関係ありませんが最近見た映画「ハダカの城」、あの雪印食品の牛肉偽装を告発した西宮冷蔵の社長さんのドキュメンタリーはとても面白かったです。電気止められちゃったり大変だったのに、ユーモアを忘れない社長さんはエエ感じでした。
【2012/10/25 01:08】 URL | ふぶら #- [ 編集]

Re: 「男おいどん」、好きだったなぁ…
> 「男おいどん」
突然下宿を出てしまうんですよね・・・意外とサルマタケは女性の間で知名度が高いようです。

身近にコアな松本ファンがいたため、戦記物からSFまでかなり幅広く読んできたように思います。戦記物では、無人島に不時着した日本兵とアメリカ兵が、お互い理解し合えずに老いさらばえるまで争い続ける話が印象的でした。
「999」や「ダイバーゼロ」といった作品を観ると、あの人にはマザー・コンプレックスが強いのかなと思います。まあ、メーテルは名前からしてそのままですが、マッチョ主義とマザコンは近しい関係にあるのかな、と妙に納得してしまいました(笑)

10年くらい前、一度だけ、本人を見たことがあります。新宿の紀伊国屋を訪れた際、偶然サイン会が催されていました。整理券の配布は既に終わっていたのですが、もっと早ければ並んでいたのかな(笑)
【2012/10/26 00:38】 URL | のわーる #- [ 編集]

まざこんさんいらっしゃい(*^_^*)
所謂「マチスモ」と「マザコン」の関係は良く語られますよね…美術だとイタリアの未来派とかにその傾向があるとか、ラテン文化圏のマチスモと聖母マリア崇拝の強力さ等、昔聞いたり本で読んだりしました。スペインはフラメンコのA・ガデスの「血の婚礼」では、花嫁を別の男にさらわれた新郎たる息子に母親が「相手の男を殺せ」とナイフ渡しちゃってたような(汗)…母の力きょーれつ!
ま、「男性らしさ」を強調すればするほど、補完するように「母=女性への信奉」も強くなる、みたいな?「何だ、要するにバランスじゃん!?(笑)」。
「ラピュタ」の空賊さんのゴッドマザーと息子達は微笑ましかったです。

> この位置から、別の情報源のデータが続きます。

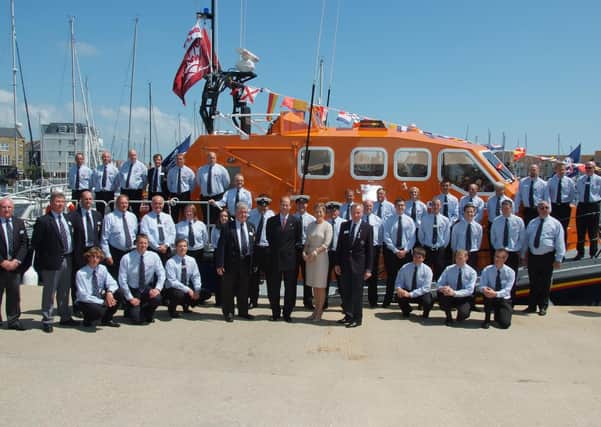 RNLI Eastbourne naming ceremony for new Lifeboat RNLB Diamond Jubilee by The Earl and Countess of Wessex. June 5th 2012 E27133N_corrected
The Earl and Duchess with the crew. ENGSUS00120120607170205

ああいうマザコンさん達は平和でよろしいです(にこ)。松本先生のマザコンぶりは、チョッと歪みが怖いようなところが逆に魅力かもしれません。だからゾクッと来る様な戦記ものも描けたのかしら。
ところでサルマタケは…そーなんですか?!ありゃ男子下宿の華(笑)女性が興味津々とは(^_^;)
【2012/10/26 01:08】 URL | ふぶら #- [ 編集]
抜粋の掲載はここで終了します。